TASK BRIEF =>
Everything in the listing below except the pictures should be reproduced exactly.

RECORDS FOR THE EXERCISE =>
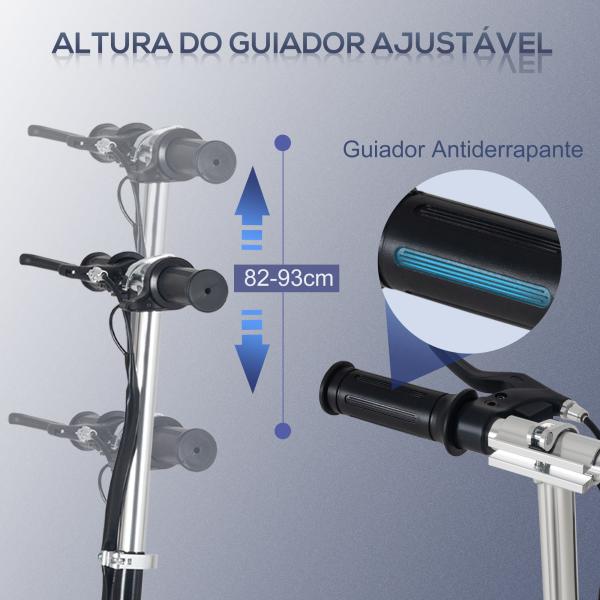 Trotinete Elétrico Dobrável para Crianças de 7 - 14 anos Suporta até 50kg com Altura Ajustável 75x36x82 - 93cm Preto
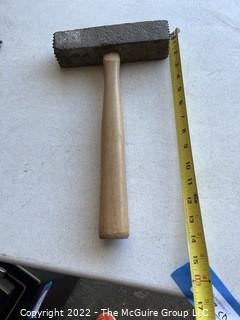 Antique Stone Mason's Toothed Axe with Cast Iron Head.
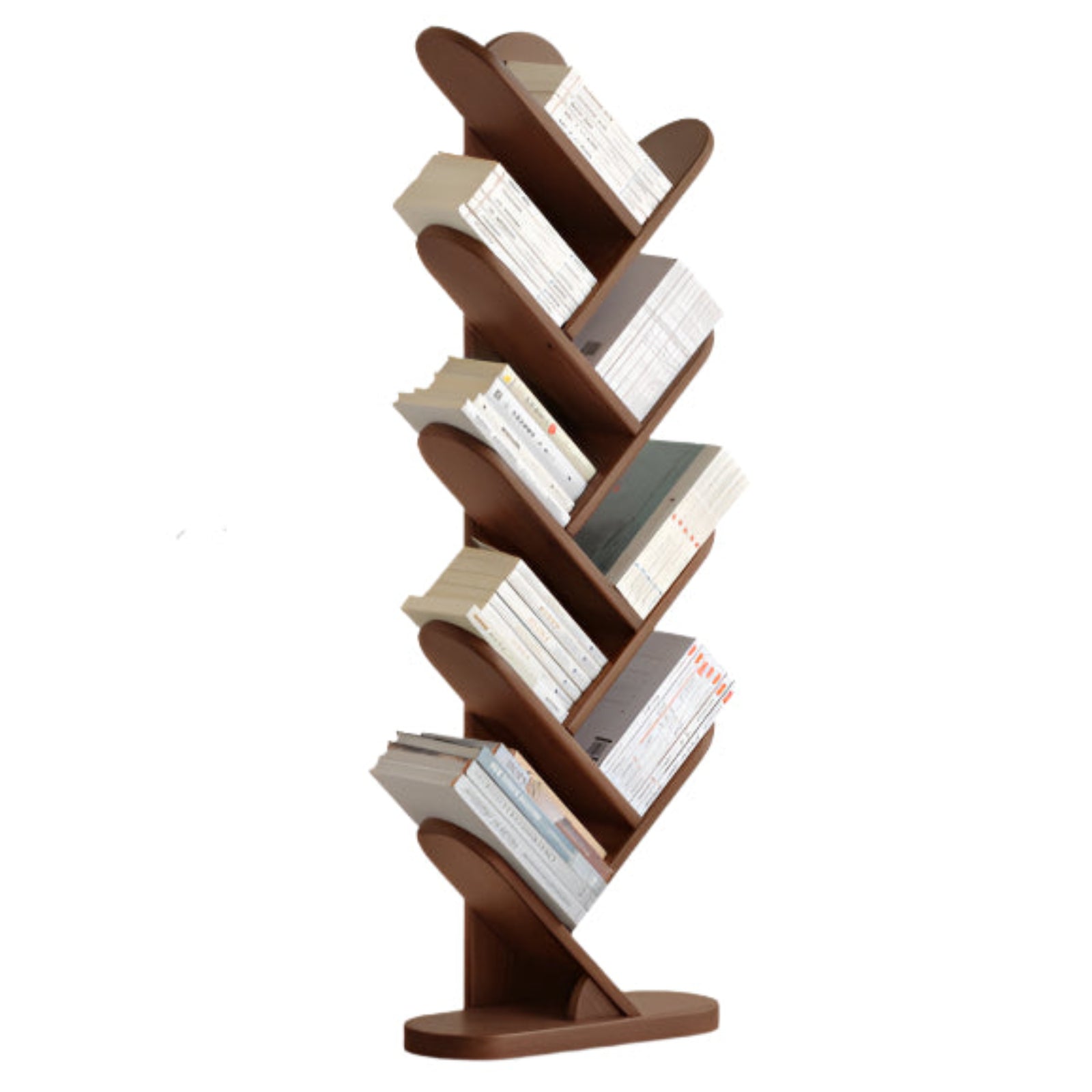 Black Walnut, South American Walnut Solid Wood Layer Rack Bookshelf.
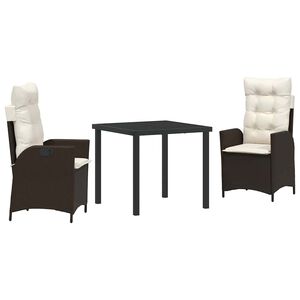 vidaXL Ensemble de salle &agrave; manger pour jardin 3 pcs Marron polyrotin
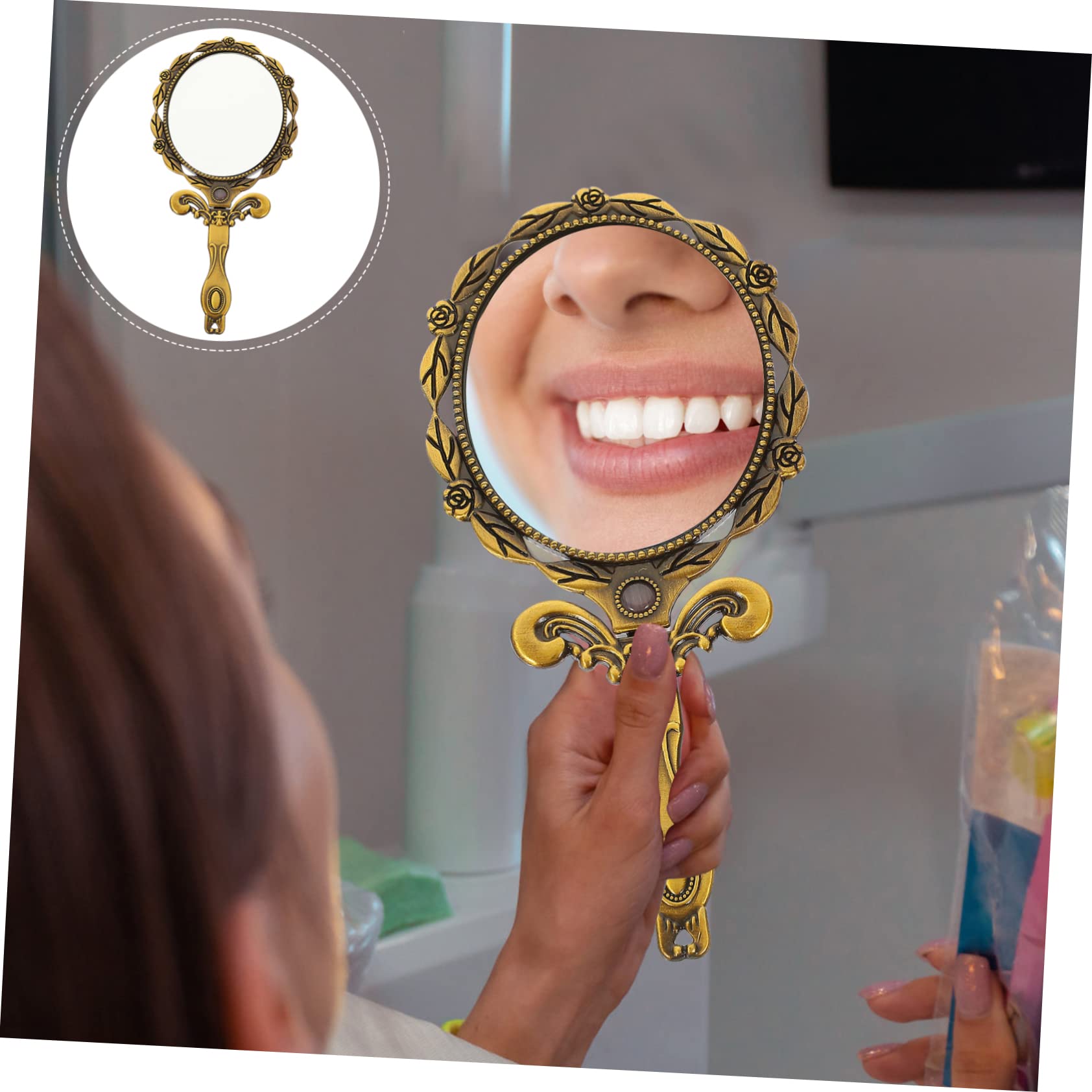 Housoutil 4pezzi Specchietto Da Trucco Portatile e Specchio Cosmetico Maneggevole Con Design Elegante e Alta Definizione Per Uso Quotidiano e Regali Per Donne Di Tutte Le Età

ANSWER BOX =>
 Trotinete Elétrico Dobrável para Crianças de 7 - 14 anos Suporta até 50kg com Altura Ajustável 75x36x82 - 93cm Preto
 Antique Stone Mason's Toothed Axe with Cast Iron Head.
 Black Walnut, South American Walnut Solid Wood Layer Rack Bookshelf.
 vidaXL Ensemble de salle &agrave; manger pour jardin 3 pcs Marron polyrotin
 Housoutil 4pezzi Specchietto Da Trucco Portatile e Specchio Cosmetico Maneggevole Con Design Elegante e Alta Definizione Per Uso Quotidiano e Regali Per Donne Di Tutte Le Età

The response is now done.